[EXERCISE DATA]
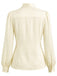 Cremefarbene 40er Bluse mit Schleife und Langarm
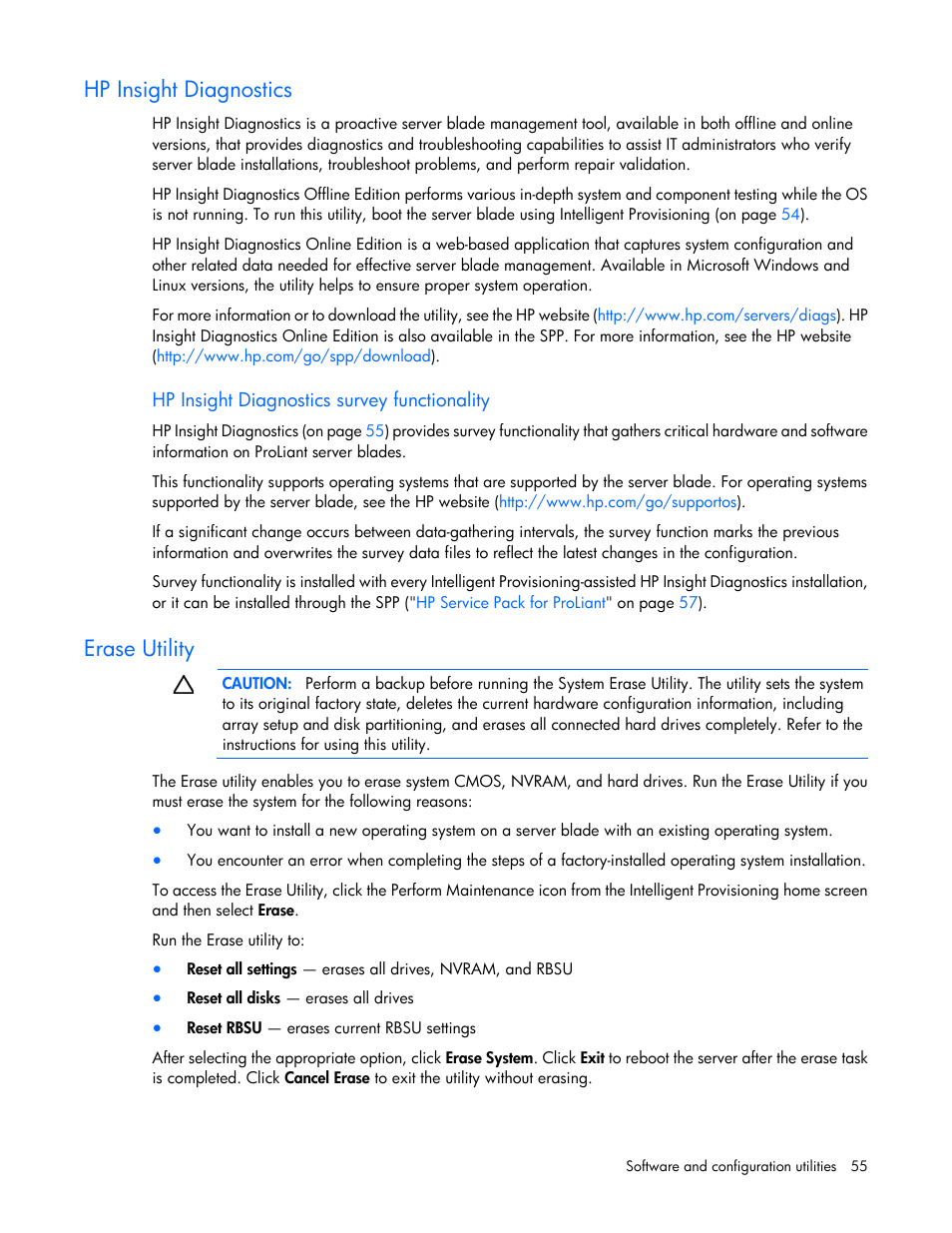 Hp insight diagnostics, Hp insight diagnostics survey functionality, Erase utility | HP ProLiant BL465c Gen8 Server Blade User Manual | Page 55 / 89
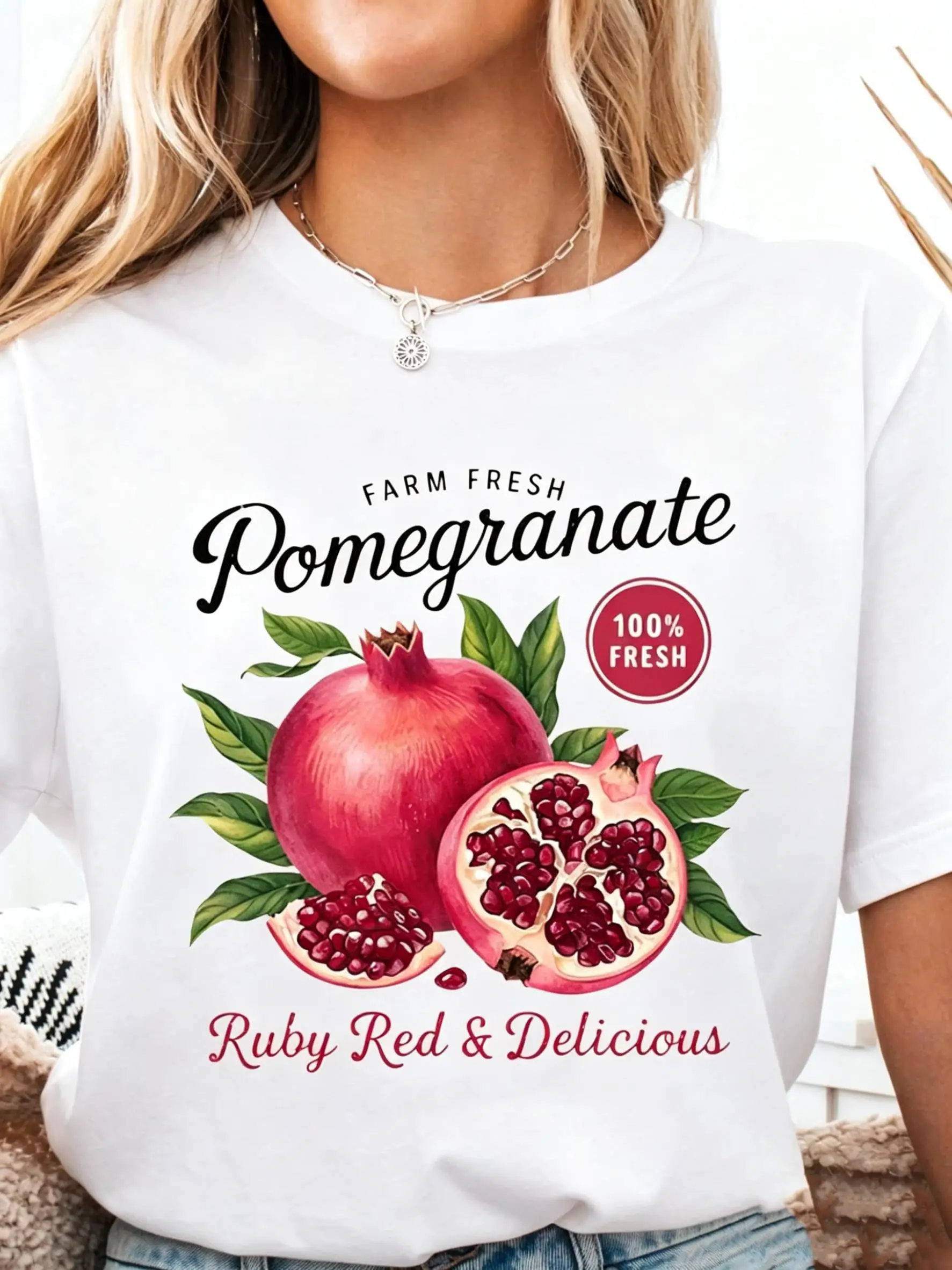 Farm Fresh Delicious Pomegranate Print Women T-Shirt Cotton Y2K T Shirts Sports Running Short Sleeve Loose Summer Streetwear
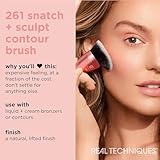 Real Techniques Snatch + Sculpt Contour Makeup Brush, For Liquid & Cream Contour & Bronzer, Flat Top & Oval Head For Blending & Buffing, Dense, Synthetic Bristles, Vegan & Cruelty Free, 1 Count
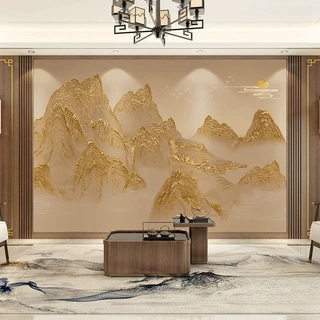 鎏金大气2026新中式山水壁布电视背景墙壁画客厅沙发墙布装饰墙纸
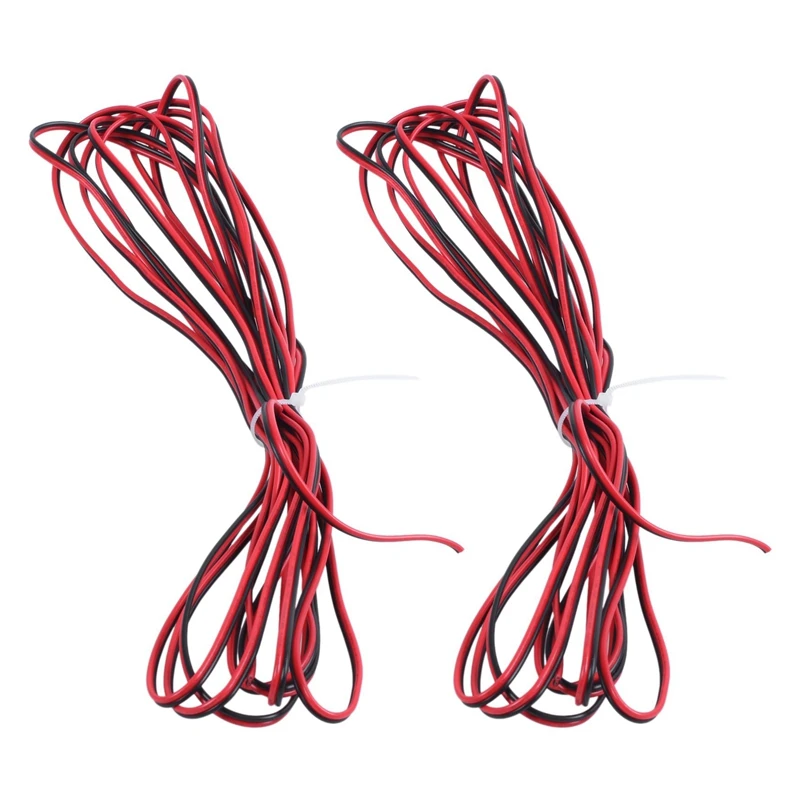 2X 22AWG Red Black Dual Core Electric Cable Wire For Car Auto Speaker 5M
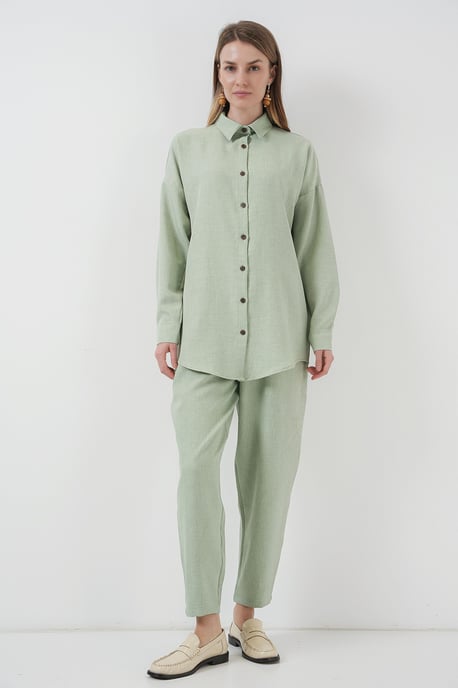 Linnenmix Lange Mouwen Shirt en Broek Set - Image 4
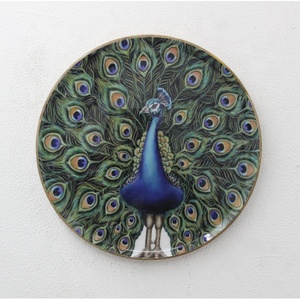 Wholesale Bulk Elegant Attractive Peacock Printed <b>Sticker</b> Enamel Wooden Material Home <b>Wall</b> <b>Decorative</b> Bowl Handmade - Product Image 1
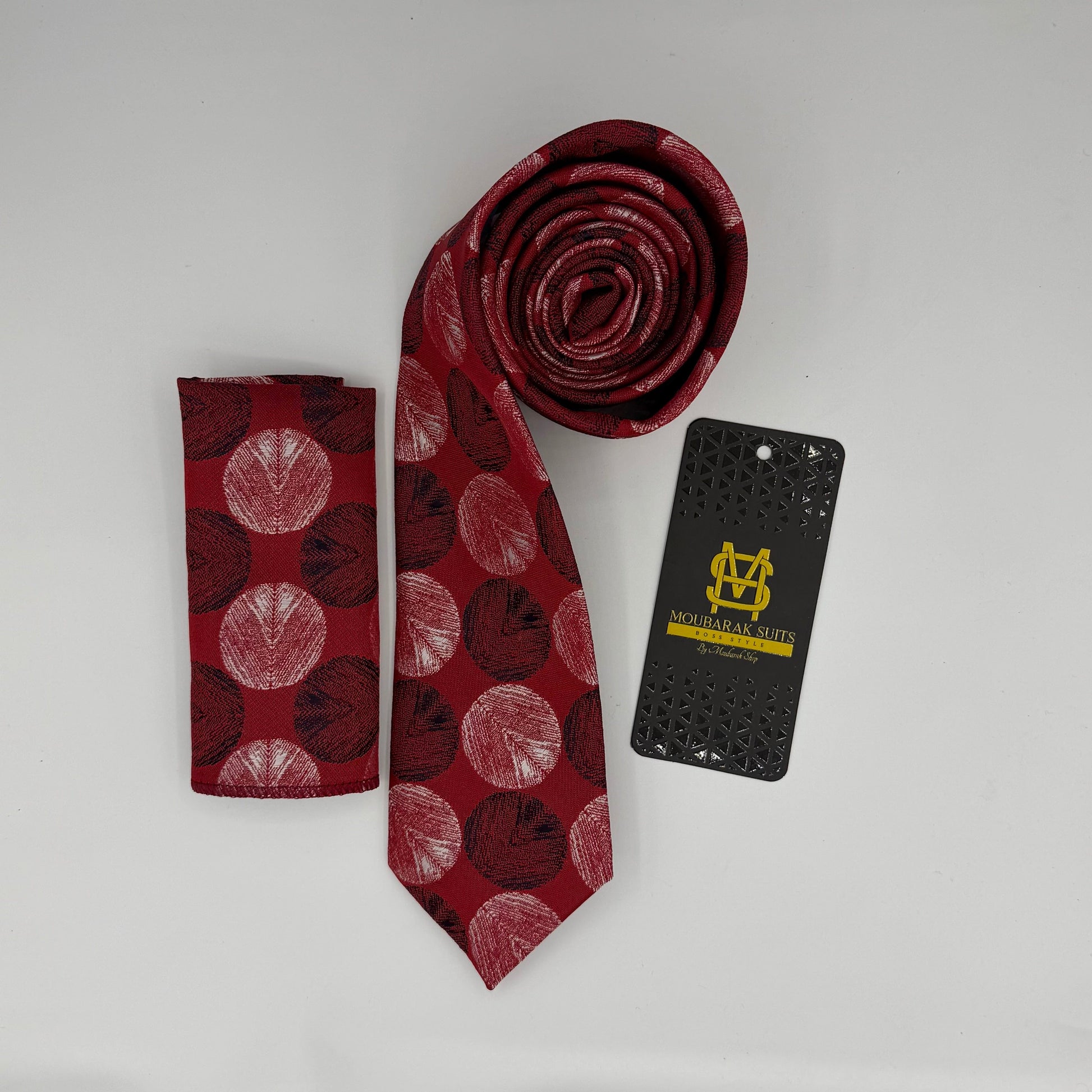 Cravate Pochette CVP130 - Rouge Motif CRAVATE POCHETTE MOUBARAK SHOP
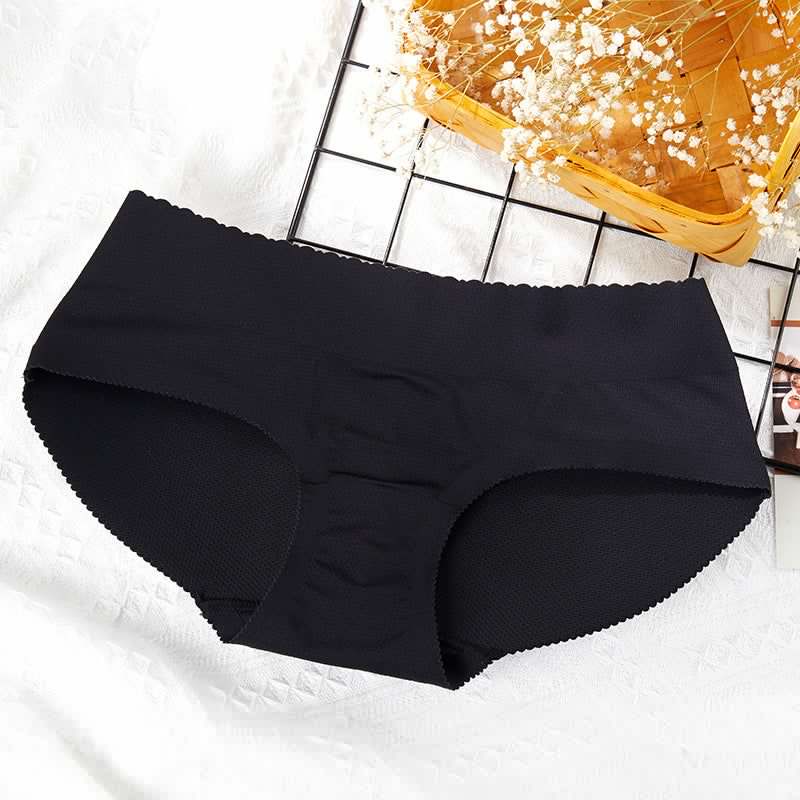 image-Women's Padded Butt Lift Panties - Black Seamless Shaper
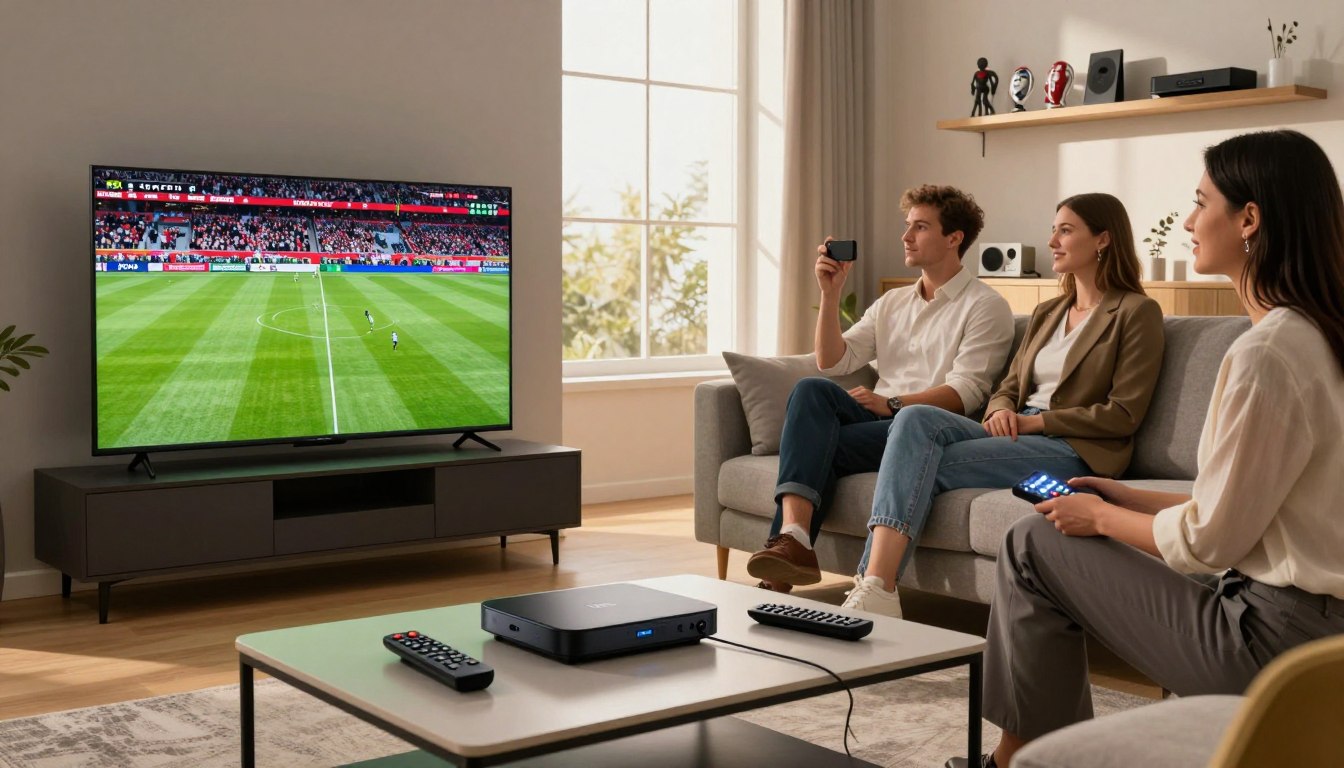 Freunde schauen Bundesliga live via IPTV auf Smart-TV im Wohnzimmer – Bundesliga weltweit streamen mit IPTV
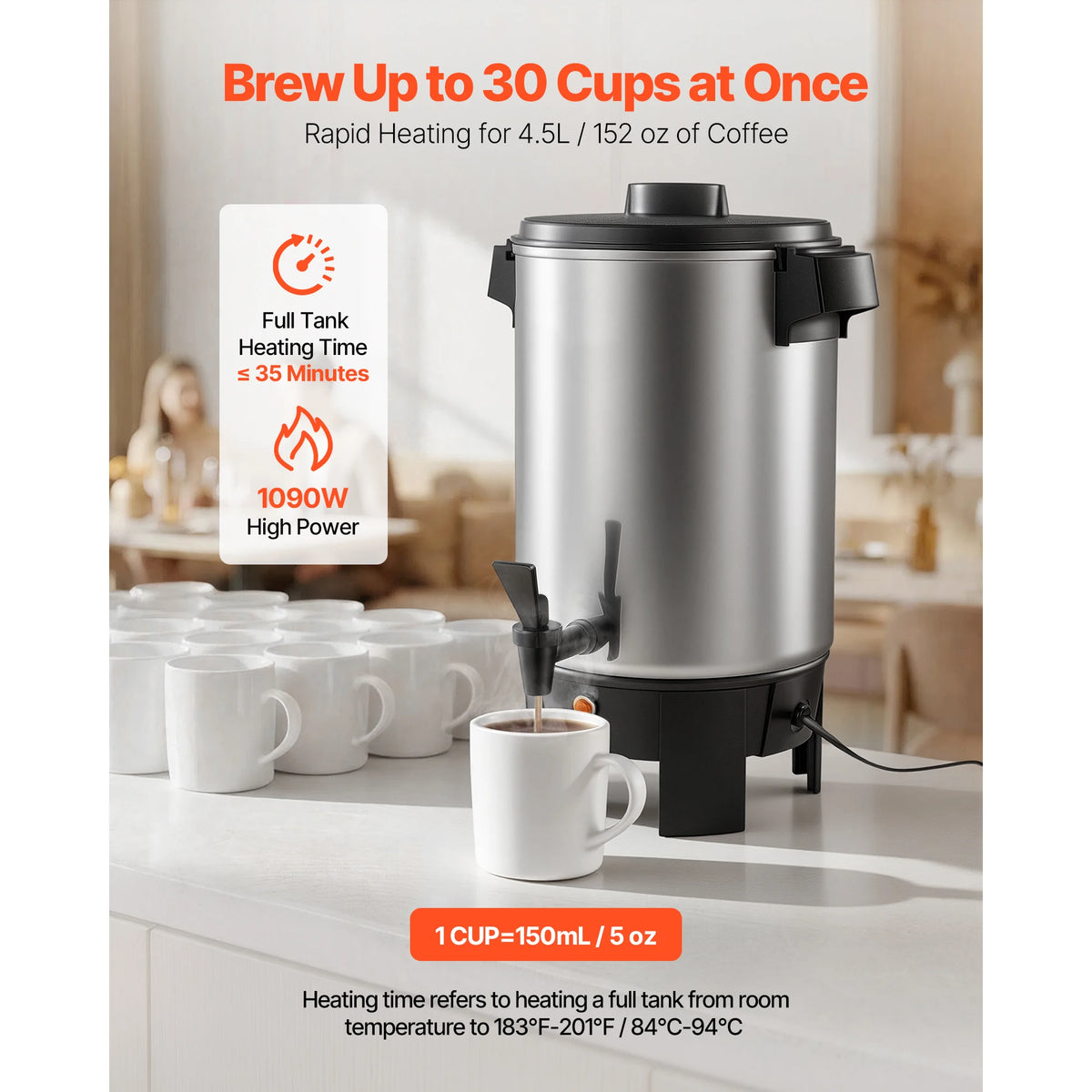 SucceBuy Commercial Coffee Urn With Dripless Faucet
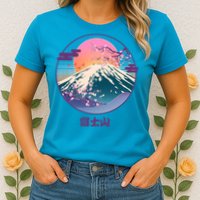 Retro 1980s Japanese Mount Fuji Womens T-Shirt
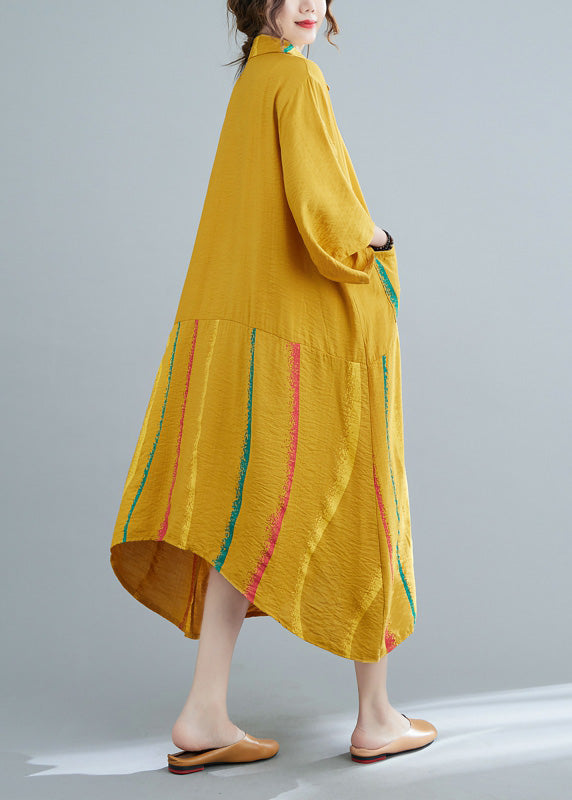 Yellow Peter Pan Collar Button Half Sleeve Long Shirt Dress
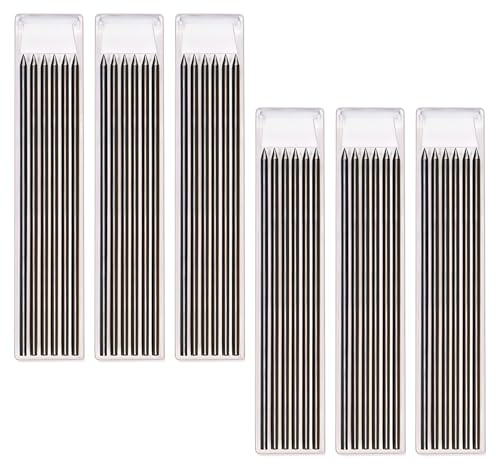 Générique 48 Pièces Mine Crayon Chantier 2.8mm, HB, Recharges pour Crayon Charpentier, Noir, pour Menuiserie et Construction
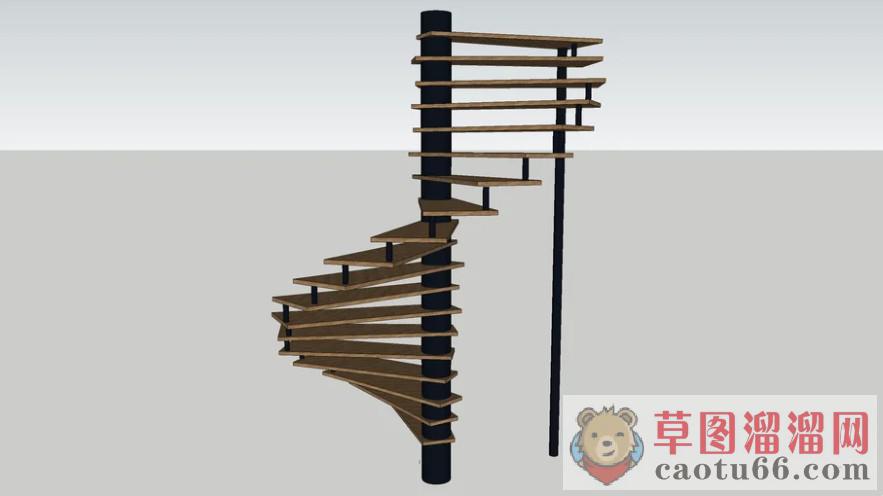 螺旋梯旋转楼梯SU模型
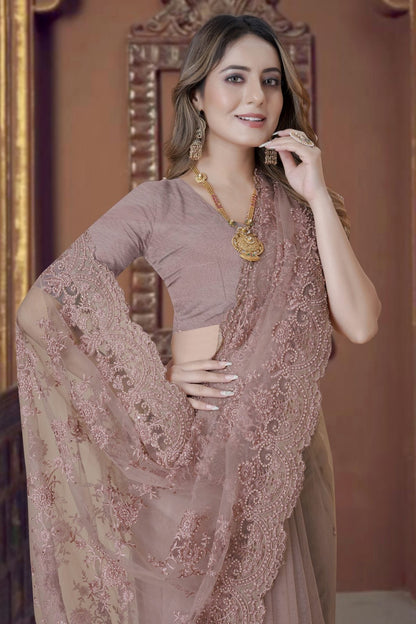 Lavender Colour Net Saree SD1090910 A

[WHAT THE TASK ASKS] Please repeat the entries above exactly, leaving out any pictures.

[REPLY TO THE TASK]
 Cremefarbene 40er Bluse mit Schleife und Langarm
 Hp insight diagnostics, Hp insight diagnostics survey functionality, Erase utility | HP ProLiant BL465c Gen8 Server Blade User Manual | Page 55 / 89
 Farm Fresh Delicious Pomegranate Print Women T-Shirt Cotton Y2K T Shirts Sports Running Short Sleeve Loose Summer Streetwear
 Real Techniques Snatch + Sculpt Contour Makeup Brush, For Liquid & Cream Contour & Bronzer, Flat Top & Oval Head For Blending & Buffing, Dense, Synthetic Bristles, Vegan & Cruelty Free, 1 Count
 鎏金大气2026新中式山水壁布电视背景墙壁画客厅沙发墙布装饰墙纸
 2X 22AWG Red Black Dual Core Electric Cable Wire For Car Auto Speaker 5M
 Linnenmix Lange Mouwen Shirt en Broek Set - Image 4
 Wholesale Bulk Elegant Attractive Peacock Printed <b>Sticker</b> Enamel Wooden Material Home <b>Wall</b> <b>Decorative</b> Bowl Handmade - Product Image 1
 Cravate Pochette CVP130 - Rouge Motif CRAVATE POCHETTE MOUBARAK SHOP
 image-Women's Padded Butt Lift Panties - Black Seamless Shaper
 Freunde schauen Bundesliga live via IPTV auf Smart-TV im Wohnzimmer – Bundesliga weltweit streamen mit IPTV
 SucceBuy Commercial Coffee Urn With Dripless Faucet
 Retro 1980s Japanese Mount Fuji Womens T-Shirt
 Yellow Peter Pan Collar Button Half Sleeve Long Shirt Dress
 Générique 48 Pièces Mine Crayon Chantier 2.8mm, HB, Recharges pour Crayon Charpentier, Noir, pour Menuiserie et Construction
 螺旋梯旋转楼梯SU模型
 Lavender Colour Net Saree SD1090910 A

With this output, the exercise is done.